The Box Problem is used to introduce many of the big ideas that continue throughout the semester. It requires students to pay particular attention to the quantities involved and asks students to examine and explain the co-variation of these quantities. Student must also model the situation using formulas, graphs and tables and be able to make connections between them. The teacher should use this problem to lay the foundation for developing a problem-solving mentality in their students.

 

In this problem, students should create an open-topped box by cutting squares out of the corners of a piece of paper. Specifically, they are asked to create the box that will have the greatest possible amount of volume. The purpose of asking the problem in this way is that it gives students a reason to look at the different quantities involved in calculating the volume of the box and how changing one of the quantities affects the others, known as co-variation. The teacher should allow students to struggle with deciding how to create their boxes. Some students may come up with a formula relating the quantities while others go through a method of guessing and checking. Allow students to use whichever method they choose, but be sure to require that students give some sort of justification for why they think their box has the largest volume.

 

After the boxes have been created, the teacher should lead the class in a discussion about the boxes. The discussion should be about the quantities involved in the situation – what they are, which are relevant, what restrictions they might have, which are changing, and how they are changing together.
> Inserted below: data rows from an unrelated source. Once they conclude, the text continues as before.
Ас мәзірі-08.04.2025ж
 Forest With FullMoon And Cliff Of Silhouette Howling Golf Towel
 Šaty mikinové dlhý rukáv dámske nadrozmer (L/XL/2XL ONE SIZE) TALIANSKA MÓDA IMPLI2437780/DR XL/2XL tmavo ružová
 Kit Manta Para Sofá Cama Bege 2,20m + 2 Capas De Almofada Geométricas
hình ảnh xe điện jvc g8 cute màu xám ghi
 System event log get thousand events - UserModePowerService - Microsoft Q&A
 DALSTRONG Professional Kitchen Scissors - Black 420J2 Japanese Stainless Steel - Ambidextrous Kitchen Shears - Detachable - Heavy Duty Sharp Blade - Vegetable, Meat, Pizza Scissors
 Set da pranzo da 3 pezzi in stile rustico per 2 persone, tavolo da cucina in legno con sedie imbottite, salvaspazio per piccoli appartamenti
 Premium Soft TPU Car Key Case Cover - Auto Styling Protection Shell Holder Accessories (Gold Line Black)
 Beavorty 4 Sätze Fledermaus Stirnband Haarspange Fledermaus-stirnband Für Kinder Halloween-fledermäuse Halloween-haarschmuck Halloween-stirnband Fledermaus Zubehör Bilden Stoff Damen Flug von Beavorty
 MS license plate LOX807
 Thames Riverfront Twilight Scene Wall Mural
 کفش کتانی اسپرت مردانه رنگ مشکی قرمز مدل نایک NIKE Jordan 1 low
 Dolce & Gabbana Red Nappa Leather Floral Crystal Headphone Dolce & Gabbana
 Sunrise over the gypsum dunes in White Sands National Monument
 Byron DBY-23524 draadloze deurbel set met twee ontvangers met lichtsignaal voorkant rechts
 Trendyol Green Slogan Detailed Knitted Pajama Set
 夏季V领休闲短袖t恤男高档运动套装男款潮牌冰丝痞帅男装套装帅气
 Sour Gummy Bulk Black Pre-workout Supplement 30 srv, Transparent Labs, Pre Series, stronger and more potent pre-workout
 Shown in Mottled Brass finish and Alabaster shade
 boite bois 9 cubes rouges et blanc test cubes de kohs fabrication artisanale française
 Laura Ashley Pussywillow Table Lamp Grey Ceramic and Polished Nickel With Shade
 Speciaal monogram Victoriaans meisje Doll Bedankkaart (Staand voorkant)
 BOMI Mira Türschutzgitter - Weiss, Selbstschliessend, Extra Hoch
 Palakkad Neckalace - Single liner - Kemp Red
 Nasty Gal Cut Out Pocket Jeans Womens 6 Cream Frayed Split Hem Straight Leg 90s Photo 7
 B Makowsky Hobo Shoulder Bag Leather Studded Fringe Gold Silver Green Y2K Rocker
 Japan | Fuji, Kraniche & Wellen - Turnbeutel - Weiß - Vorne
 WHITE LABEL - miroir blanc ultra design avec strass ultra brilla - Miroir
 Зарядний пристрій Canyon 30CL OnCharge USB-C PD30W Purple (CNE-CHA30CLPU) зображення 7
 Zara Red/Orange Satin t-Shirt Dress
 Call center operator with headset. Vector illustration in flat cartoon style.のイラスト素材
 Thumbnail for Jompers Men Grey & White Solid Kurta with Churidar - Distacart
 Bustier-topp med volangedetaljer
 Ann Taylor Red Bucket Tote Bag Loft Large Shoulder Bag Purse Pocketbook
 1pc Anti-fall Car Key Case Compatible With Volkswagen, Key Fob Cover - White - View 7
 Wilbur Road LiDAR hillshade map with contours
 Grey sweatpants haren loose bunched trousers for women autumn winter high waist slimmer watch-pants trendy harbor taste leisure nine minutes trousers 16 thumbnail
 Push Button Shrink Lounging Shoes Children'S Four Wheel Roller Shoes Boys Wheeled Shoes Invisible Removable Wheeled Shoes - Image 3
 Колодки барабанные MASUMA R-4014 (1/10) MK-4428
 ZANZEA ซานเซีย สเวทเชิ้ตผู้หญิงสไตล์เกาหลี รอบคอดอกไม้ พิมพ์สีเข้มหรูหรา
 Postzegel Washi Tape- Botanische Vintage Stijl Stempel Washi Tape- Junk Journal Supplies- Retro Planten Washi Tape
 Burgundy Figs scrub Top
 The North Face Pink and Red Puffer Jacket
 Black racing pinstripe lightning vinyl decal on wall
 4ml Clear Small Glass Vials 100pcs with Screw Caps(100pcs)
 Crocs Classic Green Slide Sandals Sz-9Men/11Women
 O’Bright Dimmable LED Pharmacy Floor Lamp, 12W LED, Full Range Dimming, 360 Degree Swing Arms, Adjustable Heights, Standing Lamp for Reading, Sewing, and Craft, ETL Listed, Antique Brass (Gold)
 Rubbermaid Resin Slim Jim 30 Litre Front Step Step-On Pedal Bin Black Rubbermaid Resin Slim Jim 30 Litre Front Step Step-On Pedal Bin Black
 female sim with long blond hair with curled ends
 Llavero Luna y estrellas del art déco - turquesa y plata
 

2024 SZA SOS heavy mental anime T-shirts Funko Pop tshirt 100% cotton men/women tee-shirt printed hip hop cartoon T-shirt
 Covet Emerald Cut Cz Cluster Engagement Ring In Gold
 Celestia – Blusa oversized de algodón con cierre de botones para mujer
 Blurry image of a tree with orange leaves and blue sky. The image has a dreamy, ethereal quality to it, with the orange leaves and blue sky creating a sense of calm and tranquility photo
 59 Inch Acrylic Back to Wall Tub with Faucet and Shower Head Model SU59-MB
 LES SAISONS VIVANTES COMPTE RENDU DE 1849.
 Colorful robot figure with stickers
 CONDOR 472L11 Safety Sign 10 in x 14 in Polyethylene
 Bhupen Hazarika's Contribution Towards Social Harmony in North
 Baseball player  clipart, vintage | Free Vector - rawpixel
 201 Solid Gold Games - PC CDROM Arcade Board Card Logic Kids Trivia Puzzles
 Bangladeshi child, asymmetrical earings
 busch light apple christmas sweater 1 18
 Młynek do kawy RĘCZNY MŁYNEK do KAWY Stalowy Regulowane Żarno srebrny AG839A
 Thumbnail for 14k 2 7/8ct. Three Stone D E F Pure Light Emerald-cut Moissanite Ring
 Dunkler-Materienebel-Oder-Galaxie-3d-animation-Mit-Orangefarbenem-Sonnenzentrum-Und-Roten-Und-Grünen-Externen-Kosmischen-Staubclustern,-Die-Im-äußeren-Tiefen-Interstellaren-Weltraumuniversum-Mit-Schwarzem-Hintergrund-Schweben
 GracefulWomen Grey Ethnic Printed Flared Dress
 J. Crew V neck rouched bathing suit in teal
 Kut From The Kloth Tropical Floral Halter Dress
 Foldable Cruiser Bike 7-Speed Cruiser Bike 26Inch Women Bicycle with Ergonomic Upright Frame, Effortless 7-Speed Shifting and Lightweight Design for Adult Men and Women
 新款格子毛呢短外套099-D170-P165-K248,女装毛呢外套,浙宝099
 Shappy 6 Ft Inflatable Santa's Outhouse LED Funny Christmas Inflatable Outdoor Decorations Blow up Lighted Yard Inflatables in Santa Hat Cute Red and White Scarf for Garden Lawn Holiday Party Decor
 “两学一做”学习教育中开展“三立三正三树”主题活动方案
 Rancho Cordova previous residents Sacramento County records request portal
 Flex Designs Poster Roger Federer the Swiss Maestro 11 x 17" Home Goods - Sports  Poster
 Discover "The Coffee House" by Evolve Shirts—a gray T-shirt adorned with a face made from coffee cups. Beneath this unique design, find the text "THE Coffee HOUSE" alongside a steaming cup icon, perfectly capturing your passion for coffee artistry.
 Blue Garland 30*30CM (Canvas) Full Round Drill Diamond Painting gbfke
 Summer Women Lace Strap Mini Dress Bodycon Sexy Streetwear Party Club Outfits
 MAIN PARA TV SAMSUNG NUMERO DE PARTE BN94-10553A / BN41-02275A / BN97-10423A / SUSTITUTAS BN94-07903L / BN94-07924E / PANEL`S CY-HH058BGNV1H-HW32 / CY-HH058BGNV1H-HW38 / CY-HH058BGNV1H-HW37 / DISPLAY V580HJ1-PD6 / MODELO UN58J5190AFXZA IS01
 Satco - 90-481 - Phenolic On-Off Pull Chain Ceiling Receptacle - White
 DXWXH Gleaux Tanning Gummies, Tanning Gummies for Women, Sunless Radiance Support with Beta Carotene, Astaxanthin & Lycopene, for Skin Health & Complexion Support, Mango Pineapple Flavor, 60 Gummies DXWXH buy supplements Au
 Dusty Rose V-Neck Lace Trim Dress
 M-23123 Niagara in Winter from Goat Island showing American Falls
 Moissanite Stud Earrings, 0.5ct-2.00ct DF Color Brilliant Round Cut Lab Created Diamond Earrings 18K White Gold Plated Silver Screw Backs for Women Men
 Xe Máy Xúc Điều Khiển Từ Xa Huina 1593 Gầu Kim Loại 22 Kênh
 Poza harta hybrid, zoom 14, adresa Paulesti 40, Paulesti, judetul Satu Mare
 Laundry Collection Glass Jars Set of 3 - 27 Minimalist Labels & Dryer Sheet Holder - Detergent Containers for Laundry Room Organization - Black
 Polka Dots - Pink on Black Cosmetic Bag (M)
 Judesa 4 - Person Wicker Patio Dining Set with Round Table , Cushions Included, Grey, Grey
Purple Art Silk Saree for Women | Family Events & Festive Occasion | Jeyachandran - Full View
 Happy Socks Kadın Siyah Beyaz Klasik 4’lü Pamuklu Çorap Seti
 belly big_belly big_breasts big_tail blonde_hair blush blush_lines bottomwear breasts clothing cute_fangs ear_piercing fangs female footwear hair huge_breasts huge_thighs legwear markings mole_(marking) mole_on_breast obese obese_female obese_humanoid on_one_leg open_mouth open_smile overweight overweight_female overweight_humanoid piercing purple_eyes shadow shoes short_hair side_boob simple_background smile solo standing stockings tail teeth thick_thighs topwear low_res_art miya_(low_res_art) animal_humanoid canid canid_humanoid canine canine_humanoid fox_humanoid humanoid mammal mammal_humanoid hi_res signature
At this point, it may be useful for the teacher to use the Explore Box applet. (Pull this up on computer screen) It is impossible to create a continuous view of how the quantities change using the only the pieces of paper. This applet allows students to see that view. The teacher can use this applet to ask students questions about how certain quantities change together. For example, a teacher could ask students how the length of the side of the cutout and the length of the box co-vary. They can then use this applet to change the length of the cutout and allow students to see what happens to the length of the box (do this on the computer screen). Here, they would be able to see that as the length of the side of the cutout increases, the length of the box decreases. The teacher can use this applet to help students understand how these quantities are changing together and encourage students to generalize these relationships into formulas as asked for in the worksheet.

 

Notice, though, that it is still hard for students to visualize an amount of volume using this applet. As the teacher moves into a discussion about how the length of the side of the cutout and the volume of the box change together, they should use the Explore Box with Cubes applet. (Pull this up on computer screen) This applet allows students to visualize how the volume is changing as the length of the cutout increases by using the boxes that you see below (point using mouse). Each of these boxes represents one cubic inch of volume. Notice that as the length of the side of the cutout increases, the volume of the box increases and more of the boxes are being filled in. After a certain point though, as the cutout length continues to increase, the volume of the box decreases back to zero. (Demonstrate using applet). This applet allows students to begin to examine the relationship between the two quantities in a continuous way and can help students begin to build a mental picture of what the graph representing these two relationships would look like.

 

To help students get a better idea of what the graph will look like, the teacher can then utilize the Exploring Intervals Applet (Pull this up on computer screen). This applet allows the teacher to focus students on specific amounts of the quantities and specific changes in them. If the teacher clicks on “Show interval 1”, that the first part of the graph appears – when the length of the cutout is between 0 and 0.5 inches. Notice that you can adjust the length of the side of the cutout on the paper, and as you do that, it again traces out the volume as the cutout increases. Using this applet, the teacher can either go step by step through the creation of the graph or they can use the piece of paper to continuously trace out the volumes with associated cutout lengths. (Many things in this paragraph should be done using the applet. All of this video should be of the computer).

 

As a teacher, you should decide how many of the applets to use based on the needs of your class. There are two additional applets available to use as well – one looks into more detail at the graph of the volume with respect to the length of the side of the cutout while the other can be used to help students understand how the formula is developed.

 

Back to Kacie.  This problem concludes by having students use the representations that they’ve created to find associated quantity values. For example, students are asked to find the volume given a specific cutout length, or the possible cutout lengths given a specific volume. This allows students to gain a further understanding of the representations they’ve created and how they relate the quantities involved.

 

Be sure to check out the videos tab for classroom examples of how this problem was implemented. Remember, the goal is for students to focus on quantities, how they co-vary, and for students to begin learning how to act as problem-solvers.